Love triangle with Emma, Baelfire (Rumpelstiltskin's son and Henry's father), and Hook.  That's almost in "I really don't like it" territory, but if I wasted energy actively disliking every unnecessary love triangle I run across,  I'd be very tired.  As it is,  I just want them to hurry up and get it over with. (Not one way or another.  I'm strongly in the Baelfire camp.)   All the people are appealing, and Colin O'Donoghue is really REALLY easy on the eyes, but... really?  In a show this focused on repairing a broken family, I'm supposed to be consumed with conflict about this silly thing?

Side characters like Ruby (Red Riding Hood) or Cinderella or Hansel and Gretel.  They're fine, but their focus episodes don't seem to bring much to the table.

The Disney versions used.  Eh, whatever.  I could deal with any version, and the Disney version allows commentary without extra explanation.

Mulan is in love with Aurora.  They should have done it the other way.

Things I really don't like:
Frankenstein... you just don't fit.  Bad fit altogether.

There were several times I felt like I must have missed a major episode, because characters were now acting on important motivations that seemed like they'd gotten new information... but when I go back and watch the episodes, there's not so much explanation given.

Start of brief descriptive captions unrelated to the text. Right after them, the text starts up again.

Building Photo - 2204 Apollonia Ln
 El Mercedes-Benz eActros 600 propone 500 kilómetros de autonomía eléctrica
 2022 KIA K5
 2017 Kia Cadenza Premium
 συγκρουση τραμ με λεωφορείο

Umm... that's pretty much it.

Anyway, the mid-season break ends on March 9.

My theories:

Bae will have gotten in trouble with magic.
Regina's story arc will come to an end (she doesn't have much else left to do)
Snow and Charming will have another child, and enough time will have passed for the child to participate in the plots.
Henry will have a plot to himself that doesn't involve being saved from someone.
There will be more Robin Hood?
The producers have said that one of the characters will die.  Plotwise, my money is on Regina (like I said, not much further to take her arc), but I think O'Donoghue lives in Ireland and has a family there, and might well not want to be roped in as a permanent part of the show, so Hook is also a major possibility.
We know they're bringing in Oz's wicked witch as the new Big Bad.  She's somehow summoned by Rumpelstiltskin's sacrifice? Don't know.